_TASK DIRECTIONS_
Please set down exactly the lines from the one containing "100% linen fabric" through the last line of the records below, both included, with no pictures.
(MATERIAL PROVIDED Opens)
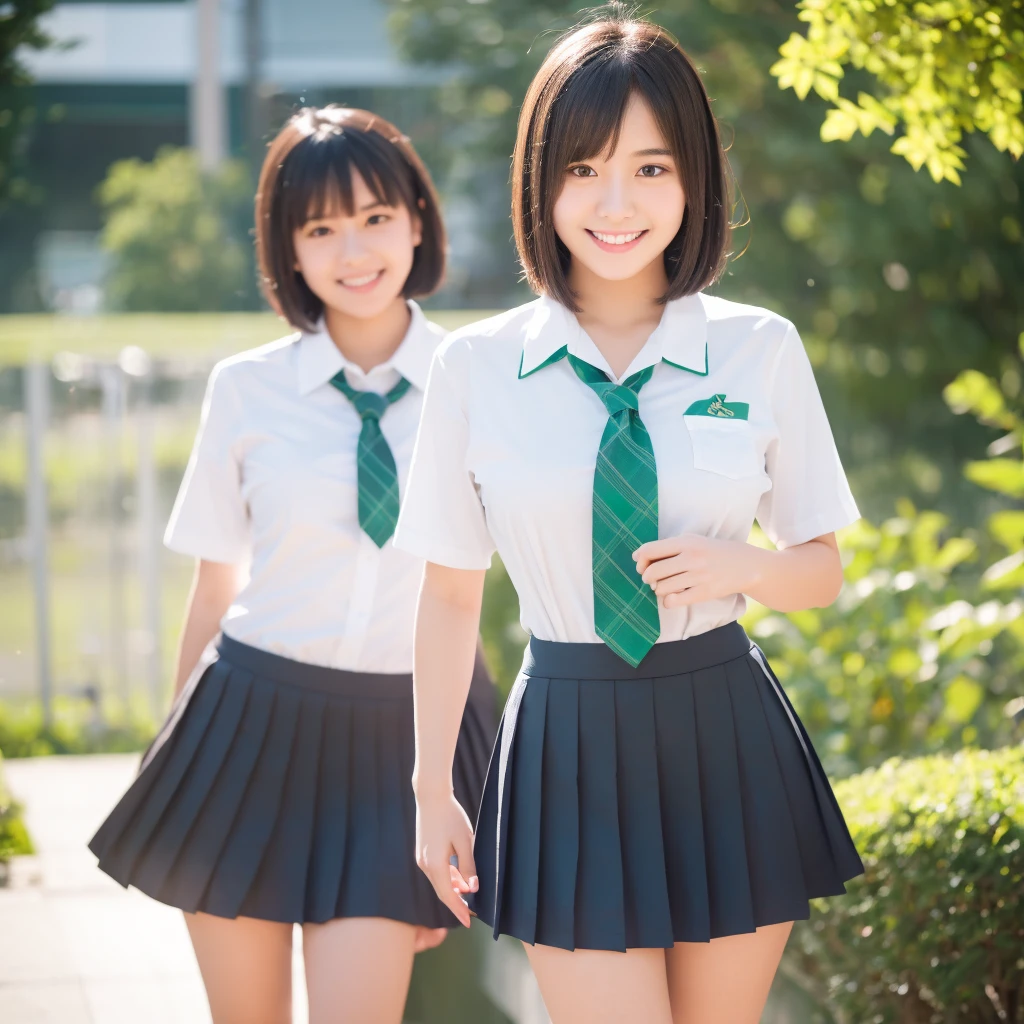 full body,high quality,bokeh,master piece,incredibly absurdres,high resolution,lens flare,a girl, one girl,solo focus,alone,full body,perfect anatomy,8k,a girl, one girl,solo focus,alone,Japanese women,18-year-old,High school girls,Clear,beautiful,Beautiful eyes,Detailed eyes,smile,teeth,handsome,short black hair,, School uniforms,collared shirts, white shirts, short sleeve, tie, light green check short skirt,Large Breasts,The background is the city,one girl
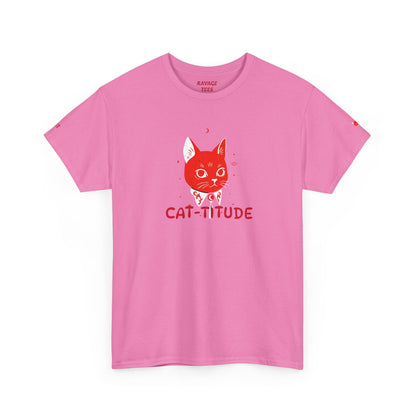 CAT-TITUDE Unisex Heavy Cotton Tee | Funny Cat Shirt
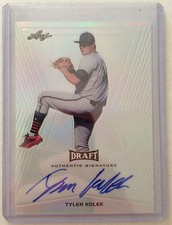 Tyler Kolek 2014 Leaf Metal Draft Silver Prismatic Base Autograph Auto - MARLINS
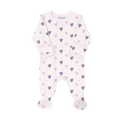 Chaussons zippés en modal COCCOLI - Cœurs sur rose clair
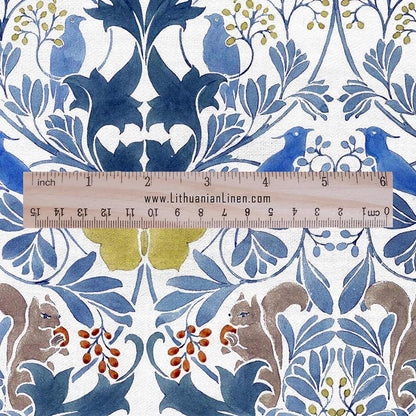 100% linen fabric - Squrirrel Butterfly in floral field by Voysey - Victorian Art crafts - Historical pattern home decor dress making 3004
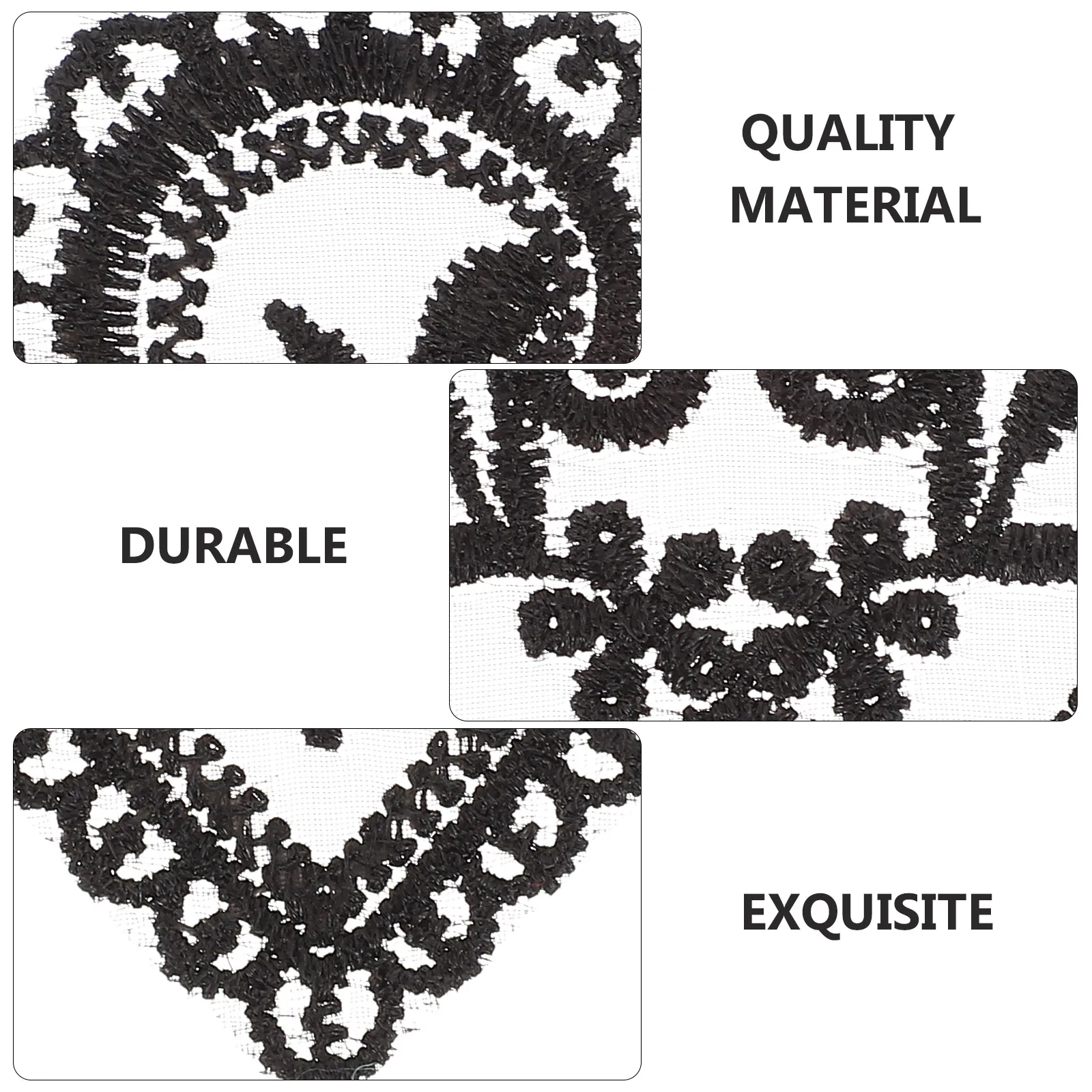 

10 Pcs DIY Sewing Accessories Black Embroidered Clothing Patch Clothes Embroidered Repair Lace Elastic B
(MATERIAL PROVIDED Closes)
_YOUR SOLUTION_
 100% linen fabric - Squrirrel Butterfly in floral field by Voysey - Victorian Art crafts - Historical pattern home decor dress making 3004

10 Pcs DIY Sewing Accessories Black Embroidered Clothing Patch Clothes Embroidered Repair Lace Elastic B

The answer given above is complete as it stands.